### Problem requirements
When you copy from the entries that follow, take only the lines from the one with "Coleman model 5154b700" down to the one with "Kia Soul 2013-2019", keeping both ends and dropping every picture.

### Exercise data
*** Block opens ***

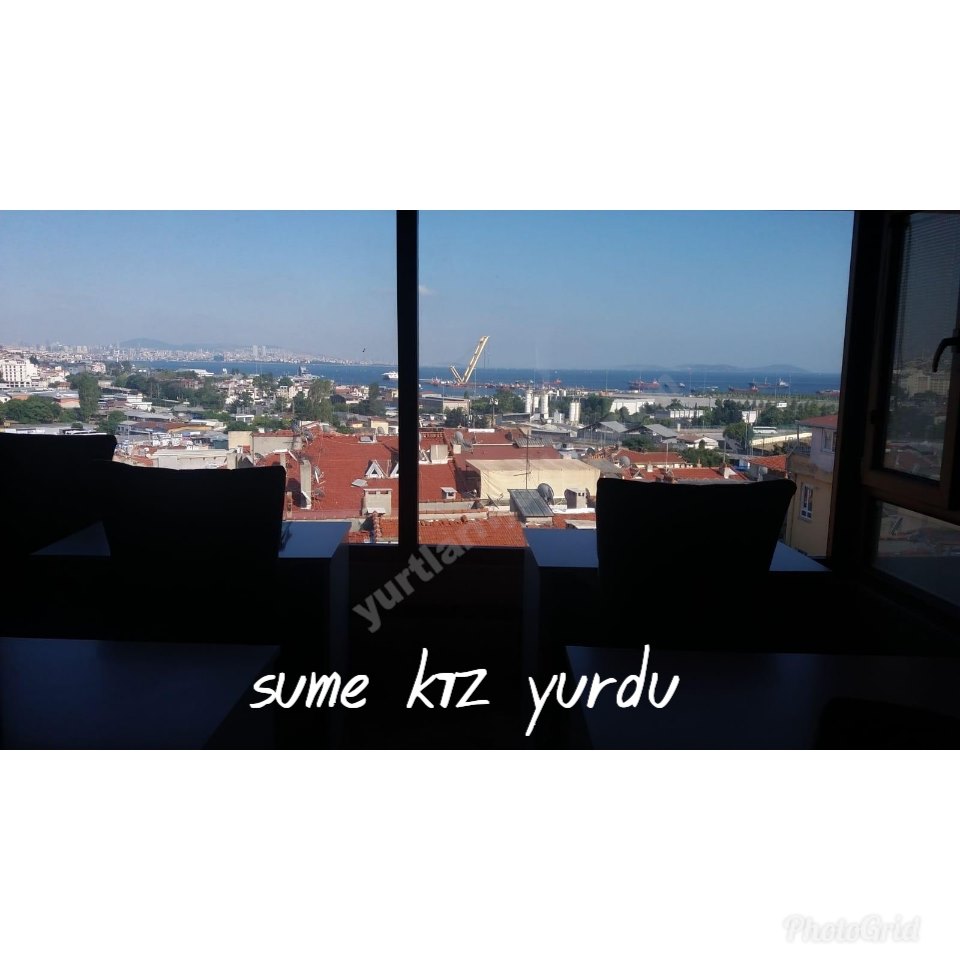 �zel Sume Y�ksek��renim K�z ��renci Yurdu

*** Block closes ***
*** Block opens ***

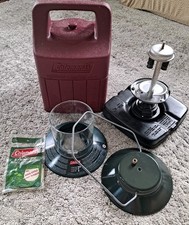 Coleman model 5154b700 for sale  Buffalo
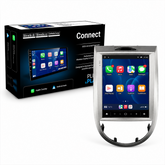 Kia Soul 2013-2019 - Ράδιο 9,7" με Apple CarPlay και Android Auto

*** Block closes ***
*** Block opens ***

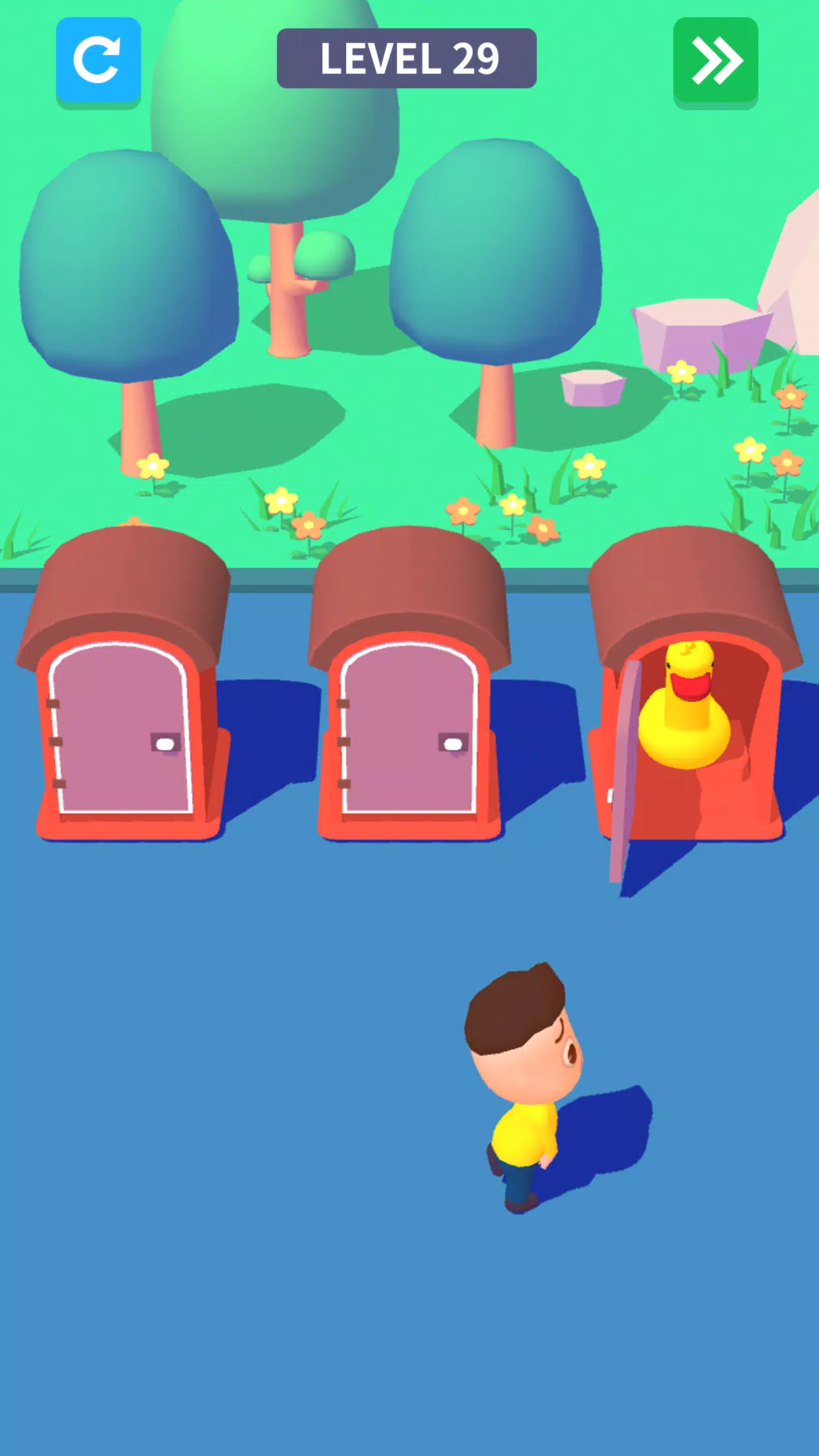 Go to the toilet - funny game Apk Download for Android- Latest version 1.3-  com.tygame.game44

*** Block closes ***

### Your solution
 Coleman model 5154b700 for sale  Buffalo
 Kia Soul 2013-2019 - Ράδιο 9,7" με Apple CarPlay και Android Auto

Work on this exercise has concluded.